Pero, de ahí a ofrecer fórmulas mágicas que nos librarían de
todos los problemas, hay un trecho: el que separa la sensatez de la superchería,
lo racional de la fantasía. De espalda a la economía y a las reglas del mercado,
por mucho que nos pese, no hay viabilidad de ningún proyecto. No se puede
brindar cobertura sanitaria global y sin límites sin garantizar la financiación
del sistema; no se puede prometer educación gratuita hasta la Universidad sin pensar
en la sostenibilidad del sistema; no se pueden facilitar viviendas para todos
sin una regulación estricta de acceso a los posibles beneficiarios y sin buscar
financiación para su construcción y mantenimiento; no se puede elevar
considerablemente el salario mínimo de manera unilateral sin acuerdo previo con
los agentes sociales y económicos; no se puede apoyar al trabajador sin el
concurso de los empresarios, convenciéndolos de que así se potencia el negocio
al incidir en el consumo; no se puede incrementar la presión impositiva más allá
de límites que mantengan la equidad y la capacidad de ahorro.
No se trata de dar un pendulazo contra los pudientes para
favorecer a los indefensos, sino de ser ecuánimes en la contribución que todos,
ricos y pobres, han de aportar al proyecto de vida en común que se consigue en
nuestra sociedad.
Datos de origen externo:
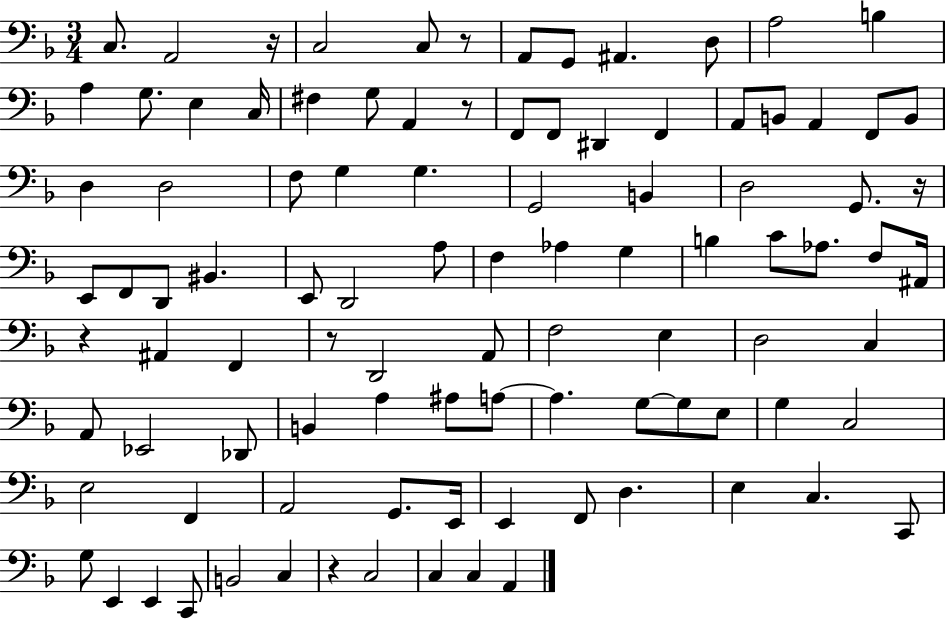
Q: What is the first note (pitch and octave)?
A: C3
No es penalizando la riqueza ni bendiciendo la pobreza como
se solucionan los problemas, sino actuando sobre las condiciones y los
mecanismos que hacen que unos tengan más posibilidades que otros para su
desarrollo, realizar sus vidas y conseguir sus metas. Y para ello, la economía
es un medio, no un fin, dentro de los límites que permite la propia economía
para ser viable. Ni la austeridad a cualquier precio ni el dispendio irresponsable
son recetas racionales, sino el ser humano como medida, como centro de
cualquier objetivo, de cualquier finalidad. Un hospital podrá ser muy rentable,
a costa de no servir para atender a la gente que lo necesita, pero es un hospital inútil.
No se trata, pues, de conseguir sólo balances económicos saneados, de una
pulcritud contable envidiable, sino de dar respuesta a las necesidades de la
población, combatir las injusticias, actuar sobre lo que causa desigualdad y
permitir que cada persona consiga llevar a cabo sus propósitos y ayudarlo a
materializar sus esperanzas.
Por eso me fío poco de los seres providenciales que acuden espontáneamente a ofrecernos respuestas y prometernos la salvación. Me fío poco de los movimientos de masas que se forman en torno a frases, eslóganes y promesas sin ningún programa que estructure sus planteamientos. Me fío poco de las manifestaciones que logran atraer la simpatía de los descontentos, los insatisfechos, los indignados y todos los reacios a contemplar el mundo en su complejidad porque prefieren la idílica simpleza, la fácil respuesta, la cómoda solución. No me gustan los voceríos de los que apenas participan, no se comprometen y se expresan movidos por pulsiones, emociones o modas, no por criterios adquiridos y argumentos racionales. Por eso huyo de lo “light”, lo liviano, porque creo que todo es complejo, confuso y nada fácil. Y porque nadie te ofrece un caramelito si no es para quitarte la cartera o… el alma. Por eso prefiero las convicciones a las manifestaciones, los programas a los eslóganes, las ideologías a los administradores. Por eso soy tan raro.